RODALE NEWS, EMMAUS, PA—Due to increased demand and pricier mixes of gasoline, gas normally gets more expensive in the summer. We’re not there yet, but prices are already starting to inch toward $3 per gallon in some areas of the country. With people cash-strapped from the recession, and the job market still lagging, a spike in gas prices similar to the one we saw in 2008—when the national average reached $3.78 per gallon—could leave a lot of people hurting. Maybe you included.
THE DETAILS: A new report from the environmental nonprofit Natural Resources Defense Council (NRDC) examined the economic impact of another such spike and found that drivers in some states could end up spending 11 percent of their income on gas if oil prices reach 2008 levels. The report computed the average gas price in each state, along with the number of drivers and their average income, and found that residents in Mississippi, Montana, Louisiana, Oklahoma, and South Carolina now pay the highest percentages of their incomes on gas, at 5 to 6 percent. Residents in New Hampshire, Maryland, Massachusetts, New York, and Connecticut now pay the least, at less than 2 percent.
However, if gas prices spike again, residents in that first group could be spending 9 to 11 percent of their income on gas. For comparison, the U.S. Department of Agriculture estimates that the average American spends about 10 percent of disposable income on food. It’s not necessarily because gas prices are higher in those states, says the report's author Deron Lovass, NRDC's federal transportation policy director. The numbers are based on the average household income of those states and how much driving residents must do—either because of sprawling development, lack of public transportation, or less fuel-efficient vehicles.
WHAT IT MEANS: In other words, should gas prices spike again, you could be spending more money on gas than food. "Given that we're talking about $3 a gallon for gasoline and we're not even in June, the odds are pretty good we'll see prices rise as they did in 2008, which was just an incredible year in terms of increases," says Lovass. He says that the transportation bill that Congress will begin debating after its spring recess should focus on funding more public-transportation projects and smarter city planning that will allow people to walk or bike more, rather than drive. "We need to start providing drivers with more options," he says.

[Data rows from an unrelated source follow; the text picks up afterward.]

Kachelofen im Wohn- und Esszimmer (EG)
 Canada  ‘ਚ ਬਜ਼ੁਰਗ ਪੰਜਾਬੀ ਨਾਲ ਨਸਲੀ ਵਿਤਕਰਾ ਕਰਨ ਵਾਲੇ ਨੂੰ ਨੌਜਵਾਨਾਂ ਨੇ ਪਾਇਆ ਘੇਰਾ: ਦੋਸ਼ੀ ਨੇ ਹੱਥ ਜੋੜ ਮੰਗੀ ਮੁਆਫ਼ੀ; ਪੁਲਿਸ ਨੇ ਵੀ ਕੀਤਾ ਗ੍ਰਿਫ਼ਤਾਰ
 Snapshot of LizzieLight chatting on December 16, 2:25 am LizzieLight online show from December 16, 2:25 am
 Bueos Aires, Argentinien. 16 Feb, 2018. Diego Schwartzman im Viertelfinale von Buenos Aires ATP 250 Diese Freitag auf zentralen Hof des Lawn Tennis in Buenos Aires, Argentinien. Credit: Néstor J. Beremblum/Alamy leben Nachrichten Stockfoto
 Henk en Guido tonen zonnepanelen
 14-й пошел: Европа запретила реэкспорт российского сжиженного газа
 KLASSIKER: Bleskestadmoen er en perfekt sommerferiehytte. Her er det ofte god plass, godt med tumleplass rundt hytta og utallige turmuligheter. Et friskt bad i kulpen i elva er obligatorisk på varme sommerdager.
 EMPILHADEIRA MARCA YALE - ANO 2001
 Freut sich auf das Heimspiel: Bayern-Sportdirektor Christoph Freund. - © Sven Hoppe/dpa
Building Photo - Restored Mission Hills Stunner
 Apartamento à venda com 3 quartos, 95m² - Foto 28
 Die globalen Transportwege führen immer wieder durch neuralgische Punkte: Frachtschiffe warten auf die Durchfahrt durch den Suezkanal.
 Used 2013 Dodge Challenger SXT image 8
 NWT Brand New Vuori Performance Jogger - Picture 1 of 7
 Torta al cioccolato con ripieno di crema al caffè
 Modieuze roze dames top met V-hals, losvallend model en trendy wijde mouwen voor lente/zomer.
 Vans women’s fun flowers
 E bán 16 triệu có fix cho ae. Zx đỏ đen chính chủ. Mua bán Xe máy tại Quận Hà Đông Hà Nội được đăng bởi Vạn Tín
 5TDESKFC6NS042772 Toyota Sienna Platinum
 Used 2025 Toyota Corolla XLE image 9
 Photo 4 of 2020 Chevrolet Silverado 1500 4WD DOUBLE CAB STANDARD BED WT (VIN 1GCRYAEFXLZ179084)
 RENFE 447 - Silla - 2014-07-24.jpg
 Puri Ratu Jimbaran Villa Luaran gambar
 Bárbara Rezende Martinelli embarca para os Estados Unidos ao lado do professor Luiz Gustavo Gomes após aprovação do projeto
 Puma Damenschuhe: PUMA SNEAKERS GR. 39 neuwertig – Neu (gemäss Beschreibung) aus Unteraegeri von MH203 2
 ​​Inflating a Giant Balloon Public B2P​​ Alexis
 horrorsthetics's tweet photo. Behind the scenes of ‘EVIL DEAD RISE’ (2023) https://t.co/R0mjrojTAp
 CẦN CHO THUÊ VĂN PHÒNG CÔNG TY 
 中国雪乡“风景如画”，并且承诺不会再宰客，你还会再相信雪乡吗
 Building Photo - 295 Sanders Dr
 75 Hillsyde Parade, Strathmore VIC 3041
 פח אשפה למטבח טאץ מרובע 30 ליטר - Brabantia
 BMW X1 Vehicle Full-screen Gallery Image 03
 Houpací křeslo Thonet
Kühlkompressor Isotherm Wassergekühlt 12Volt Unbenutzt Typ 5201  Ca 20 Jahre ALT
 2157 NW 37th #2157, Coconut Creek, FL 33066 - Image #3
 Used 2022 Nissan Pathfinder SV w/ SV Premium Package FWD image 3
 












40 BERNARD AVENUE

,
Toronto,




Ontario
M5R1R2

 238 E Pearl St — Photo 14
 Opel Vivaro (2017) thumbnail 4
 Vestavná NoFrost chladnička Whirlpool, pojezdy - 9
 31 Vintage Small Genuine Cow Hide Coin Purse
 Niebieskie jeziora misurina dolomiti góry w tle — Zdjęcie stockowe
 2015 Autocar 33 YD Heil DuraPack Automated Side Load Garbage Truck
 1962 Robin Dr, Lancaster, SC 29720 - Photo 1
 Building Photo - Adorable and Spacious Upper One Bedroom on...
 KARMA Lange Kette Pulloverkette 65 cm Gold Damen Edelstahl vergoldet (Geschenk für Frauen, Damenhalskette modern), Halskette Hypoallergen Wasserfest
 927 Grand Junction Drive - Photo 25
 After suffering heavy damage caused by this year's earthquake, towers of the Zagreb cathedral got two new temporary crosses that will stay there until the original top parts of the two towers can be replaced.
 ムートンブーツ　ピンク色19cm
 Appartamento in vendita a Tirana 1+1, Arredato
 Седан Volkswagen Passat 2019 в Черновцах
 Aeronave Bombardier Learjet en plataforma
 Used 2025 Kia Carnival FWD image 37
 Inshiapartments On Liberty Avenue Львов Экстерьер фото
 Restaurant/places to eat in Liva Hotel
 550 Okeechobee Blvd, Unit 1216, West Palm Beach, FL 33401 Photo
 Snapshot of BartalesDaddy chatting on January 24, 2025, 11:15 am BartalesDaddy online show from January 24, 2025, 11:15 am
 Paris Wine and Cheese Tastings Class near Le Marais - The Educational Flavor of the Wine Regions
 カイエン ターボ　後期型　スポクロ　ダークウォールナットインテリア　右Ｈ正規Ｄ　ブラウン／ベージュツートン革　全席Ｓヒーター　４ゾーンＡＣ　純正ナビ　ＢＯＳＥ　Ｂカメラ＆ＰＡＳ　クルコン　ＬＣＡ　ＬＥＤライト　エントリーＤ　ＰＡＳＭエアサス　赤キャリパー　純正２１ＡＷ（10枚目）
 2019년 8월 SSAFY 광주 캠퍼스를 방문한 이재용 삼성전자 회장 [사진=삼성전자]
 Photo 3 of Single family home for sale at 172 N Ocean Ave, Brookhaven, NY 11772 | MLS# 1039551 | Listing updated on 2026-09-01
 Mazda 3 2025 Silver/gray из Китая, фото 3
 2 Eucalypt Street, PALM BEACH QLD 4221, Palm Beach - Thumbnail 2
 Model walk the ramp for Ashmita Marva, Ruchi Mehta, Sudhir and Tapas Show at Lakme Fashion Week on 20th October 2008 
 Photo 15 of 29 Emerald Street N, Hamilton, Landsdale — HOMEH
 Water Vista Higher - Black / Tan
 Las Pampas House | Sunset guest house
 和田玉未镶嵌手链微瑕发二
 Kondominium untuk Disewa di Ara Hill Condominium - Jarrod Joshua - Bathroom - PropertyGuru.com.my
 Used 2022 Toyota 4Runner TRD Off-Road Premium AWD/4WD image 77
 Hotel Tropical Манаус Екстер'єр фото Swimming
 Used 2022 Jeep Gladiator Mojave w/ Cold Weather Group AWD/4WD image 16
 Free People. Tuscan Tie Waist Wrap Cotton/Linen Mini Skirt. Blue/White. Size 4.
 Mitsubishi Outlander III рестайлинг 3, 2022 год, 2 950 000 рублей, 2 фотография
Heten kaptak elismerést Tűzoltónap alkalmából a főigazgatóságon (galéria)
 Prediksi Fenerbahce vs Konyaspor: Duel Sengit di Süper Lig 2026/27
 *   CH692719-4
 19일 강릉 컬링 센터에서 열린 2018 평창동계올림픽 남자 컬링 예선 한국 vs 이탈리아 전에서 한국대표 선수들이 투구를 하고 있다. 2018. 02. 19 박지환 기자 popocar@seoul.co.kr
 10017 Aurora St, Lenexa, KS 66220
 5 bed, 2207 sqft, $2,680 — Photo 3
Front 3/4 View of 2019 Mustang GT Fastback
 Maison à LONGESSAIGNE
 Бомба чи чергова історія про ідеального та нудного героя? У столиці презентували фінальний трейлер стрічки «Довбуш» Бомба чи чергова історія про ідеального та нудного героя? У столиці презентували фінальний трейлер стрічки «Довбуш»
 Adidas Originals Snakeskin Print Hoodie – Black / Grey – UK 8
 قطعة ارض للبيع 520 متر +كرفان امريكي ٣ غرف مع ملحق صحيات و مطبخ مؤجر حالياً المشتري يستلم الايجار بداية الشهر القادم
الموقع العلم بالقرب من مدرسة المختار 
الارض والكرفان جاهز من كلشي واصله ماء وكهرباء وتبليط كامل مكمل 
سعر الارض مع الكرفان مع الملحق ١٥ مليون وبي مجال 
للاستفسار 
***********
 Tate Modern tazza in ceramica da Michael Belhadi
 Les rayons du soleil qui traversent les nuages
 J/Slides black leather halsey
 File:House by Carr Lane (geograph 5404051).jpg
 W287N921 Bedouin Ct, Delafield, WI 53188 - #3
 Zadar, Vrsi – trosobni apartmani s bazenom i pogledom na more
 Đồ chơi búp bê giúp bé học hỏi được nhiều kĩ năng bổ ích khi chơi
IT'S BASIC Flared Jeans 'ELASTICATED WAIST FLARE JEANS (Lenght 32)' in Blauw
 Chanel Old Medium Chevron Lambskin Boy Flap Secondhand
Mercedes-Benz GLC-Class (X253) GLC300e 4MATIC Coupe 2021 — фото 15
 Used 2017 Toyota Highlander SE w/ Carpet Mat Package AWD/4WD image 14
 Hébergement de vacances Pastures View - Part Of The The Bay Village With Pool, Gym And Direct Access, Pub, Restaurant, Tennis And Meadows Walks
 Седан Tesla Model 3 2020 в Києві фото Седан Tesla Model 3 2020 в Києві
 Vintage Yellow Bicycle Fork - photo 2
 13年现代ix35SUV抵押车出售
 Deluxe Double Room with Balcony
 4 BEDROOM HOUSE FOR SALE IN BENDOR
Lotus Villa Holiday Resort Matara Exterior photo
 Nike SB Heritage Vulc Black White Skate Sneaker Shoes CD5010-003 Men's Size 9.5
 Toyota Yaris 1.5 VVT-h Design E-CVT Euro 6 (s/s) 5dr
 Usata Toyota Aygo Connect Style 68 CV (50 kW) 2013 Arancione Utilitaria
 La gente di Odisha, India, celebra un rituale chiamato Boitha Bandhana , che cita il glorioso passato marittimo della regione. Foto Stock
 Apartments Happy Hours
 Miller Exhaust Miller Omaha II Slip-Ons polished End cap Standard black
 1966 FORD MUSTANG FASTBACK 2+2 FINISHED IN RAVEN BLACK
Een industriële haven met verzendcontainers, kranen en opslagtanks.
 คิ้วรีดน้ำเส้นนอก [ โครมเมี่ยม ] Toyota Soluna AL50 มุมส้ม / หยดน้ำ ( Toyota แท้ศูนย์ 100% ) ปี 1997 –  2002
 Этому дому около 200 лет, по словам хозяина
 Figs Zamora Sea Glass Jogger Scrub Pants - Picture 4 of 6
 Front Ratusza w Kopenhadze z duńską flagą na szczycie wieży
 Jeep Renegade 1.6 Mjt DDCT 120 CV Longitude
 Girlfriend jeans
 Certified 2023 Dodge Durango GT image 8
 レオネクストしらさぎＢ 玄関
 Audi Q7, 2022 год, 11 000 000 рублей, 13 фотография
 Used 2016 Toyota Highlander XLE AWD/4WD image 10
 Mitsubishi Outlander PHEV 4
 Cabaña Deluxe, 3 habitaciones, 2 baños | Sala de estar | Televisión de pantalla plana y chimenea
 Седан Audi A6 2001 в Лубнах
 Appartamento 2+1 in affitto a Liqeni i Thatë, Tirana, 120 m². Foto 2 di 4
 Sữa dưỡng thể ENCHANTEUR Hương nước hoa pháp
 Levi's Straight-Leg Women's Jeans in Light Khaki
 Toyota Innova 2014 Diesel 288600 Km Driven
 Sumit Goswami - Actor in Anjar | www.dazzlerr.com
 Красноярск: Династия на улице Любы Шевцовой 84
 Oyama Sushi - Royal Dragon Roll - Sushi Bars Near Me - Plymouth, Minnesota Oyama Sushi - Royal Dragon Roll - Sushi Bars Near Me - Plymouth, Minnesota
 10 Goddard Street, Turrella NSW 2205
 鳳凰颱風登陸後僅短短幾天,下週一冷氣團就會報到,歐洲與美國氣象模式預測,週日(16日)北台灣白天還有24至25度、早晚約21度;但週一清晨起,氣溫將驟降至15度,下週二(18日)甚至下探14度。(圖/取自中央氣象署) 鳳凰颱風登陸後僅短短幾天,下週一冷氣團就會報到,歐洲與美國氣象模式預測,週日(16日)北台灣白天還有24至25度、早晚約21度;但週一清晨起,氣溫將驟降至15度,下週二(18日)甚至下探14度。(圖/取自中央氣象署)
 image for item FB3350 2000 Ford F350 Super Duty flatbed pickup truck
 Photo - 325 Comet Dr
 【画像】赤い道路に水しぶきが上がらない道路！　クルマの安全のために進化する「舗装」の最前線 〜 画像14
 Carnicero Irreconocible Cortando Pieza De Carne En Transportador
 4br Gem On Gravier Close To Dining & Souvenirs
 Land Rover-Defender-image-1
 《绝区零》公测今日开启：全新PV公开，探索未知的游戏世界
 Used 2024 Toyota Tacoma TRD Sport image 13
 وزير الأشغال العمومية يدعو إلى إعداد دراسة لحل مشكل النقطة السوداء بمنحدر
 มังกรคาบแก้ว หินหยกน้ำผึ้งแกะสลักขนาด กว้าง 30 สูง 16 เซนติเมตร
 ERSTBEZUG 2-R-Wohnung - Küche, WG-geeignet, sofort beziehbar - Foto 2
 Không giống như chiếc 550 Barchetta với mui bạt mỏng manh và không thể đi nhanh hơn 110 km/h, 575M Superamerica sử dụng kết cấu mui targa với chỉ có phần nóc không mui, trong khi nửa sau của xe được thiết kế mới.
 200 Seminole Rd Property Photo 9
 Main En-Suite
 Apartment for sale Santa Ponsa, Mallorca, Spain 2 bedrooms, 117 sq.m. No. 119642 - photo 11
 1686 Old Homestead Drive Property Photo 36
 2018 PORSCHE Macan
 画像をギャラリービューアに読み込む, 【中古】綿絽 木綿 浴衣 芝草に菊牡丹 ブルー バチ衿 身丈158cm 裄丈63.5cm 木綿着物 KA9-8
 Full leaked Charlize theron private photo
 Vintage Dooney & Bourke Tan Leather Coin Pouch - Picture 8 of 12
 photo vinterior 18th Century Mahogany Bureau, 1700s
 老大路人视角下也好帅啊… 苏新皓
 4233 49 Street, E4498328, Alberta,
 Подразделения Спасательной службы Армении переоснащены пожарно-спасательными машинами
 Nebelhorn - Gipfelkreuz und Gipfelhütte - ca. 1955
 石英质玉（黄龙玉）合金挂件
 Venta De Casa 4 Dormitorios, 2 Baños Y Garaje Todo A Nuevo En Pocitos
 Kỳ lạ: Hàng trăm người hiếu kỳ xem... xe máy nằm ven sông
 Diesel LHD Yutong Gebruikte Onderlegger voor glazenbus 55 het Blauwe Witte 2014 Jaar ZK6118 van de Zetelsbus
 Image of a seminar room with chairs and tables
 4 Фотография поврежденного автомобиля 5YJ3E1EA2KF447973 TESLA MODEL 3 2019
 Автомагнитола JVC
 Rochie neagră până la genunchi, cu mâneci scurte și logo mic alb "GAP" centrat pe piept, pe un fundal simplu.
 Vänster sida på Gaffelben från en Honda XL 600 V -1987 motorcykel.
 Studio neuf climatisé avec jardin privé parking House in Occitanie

That, of course, could take years. “The best thing to do right now is use public transportation whenever possible, and telecommute if you have that option, to avoid driving entirely," Lovass says. At the very least, he adds, it's a good idea to line up transportation or commuting alternatives, such as public transport or carpooling, if prices do spike. "And when you drive, try to make your car more efficient," he says. "Do common-sense things such as keeping your car tuned up, changing the air filter regularly, taking heavy items out of your trunk, and removing roof racks when you don't need them." Bonus: Getting by on less gas means fewer pollutants are released into the air and, to the extent that you get around on foot or by bike instead of driving, you get a little more exercise.